= Julie Ann Dawson =

American writer

Julie Ann Dawson (born August 1971) is an American horror fiction writer, role-playing game designer, and publisher.

==Early life==
Dawson was born in Millville, New Jersey. Her parents are Michael and Ellie Dacy and she has two younger sisters, Crystal and Monica. While attending high school, she was inspired by Stephen King's novel Salem's Lot to become a writer. She also worked for her high school newspaper. Raised in Bridgeton, New Jersey, she graduated from Bridgeton High School in 1989, where she wrote for the school newspaper.

After high school, she enrolled in Glassboro State College (since renamed as Rowan University). There, she worked for both the college's newspaper and magazine. While at Glassboro, she also began publishing stories and poems in various publications, including Dan DeBono's Gareth Blackmore's Unusual Tales, Happiness Magazine, Lucidity, Black Bough, and The New Jersey Review of Literature. Dawson Dawson graduated from Glassboro State College in 1993.

==Professional life==
After graduation, Dawson became a freelance writer for Vineland Journal. Embracing the growing electronic market, she published works with Demonground, Poetrymagazine.com, Sabledrake Magazine, RPG Times, and others. She also joined the International Women's Writing Guild (IWWG) and the Speculative Literature Foundation.
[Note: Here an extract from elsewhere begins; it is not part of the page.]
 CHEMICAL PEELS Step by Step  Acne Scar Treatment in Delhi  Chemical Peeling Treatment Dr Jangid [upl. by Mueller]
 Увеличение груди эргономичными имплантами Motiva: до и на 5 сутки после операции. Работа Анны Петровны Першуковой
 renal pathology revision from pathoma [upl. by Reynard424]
She founded the Cautus Creative Society, which was for sculptors, poets, painters, and artists to meet. Dawson became an employee of Kirby Vacuum Company. Her first job was as a sales representative before she received a 1995 promotion to field supervisor. In 1996, she switched to being one of the company's recruiters.
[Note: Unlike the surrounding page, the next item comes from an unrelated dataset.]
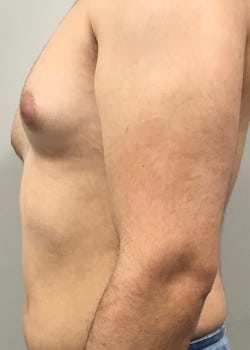 Before Image: Gynecomastia Reduction (male breast reduction) in Cleveland, Ohio - other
In 2002, Dawson launched Bards and Sages, a small press publisher to promote her own projects, and to offer resources for young writers. The company's first project was a writing contest to benefit the IWWG.

Dawson published her first book, September and Other Stories, a collection of horror stories and poems, under Bards and Sages in 2005. It was received to positive reviews.

In March 2005, she released the Bards and Sages's first RPG, Neiyar: Land of Heaven and the Abyss. The book, employing the d20 system licensed by Wizards of the Coast, is set on an isolated jungle island ruled over by female priestesses.

Besides publishing a wide variety of electronic content, Dawson's company has an expanding catalog of print books. The first, Bardic Tales and Sage Advice, was released in February 2006 and features the winners of the company's annual writing contest. The Koboldnomicon, a compilation of d20 gaming material involving kobolds, was released in July 2006. Dead Men (and Women) Walking, an anthology of the undead, was released in September 2006.

Between January 2009 and March 2024, she was the editor-in-chief of Bards and Sages Quarterly, a speculative fiction literary magazine, published by Bards and Sages.

Dawson has been a resident of Bridgeton, New Jersey.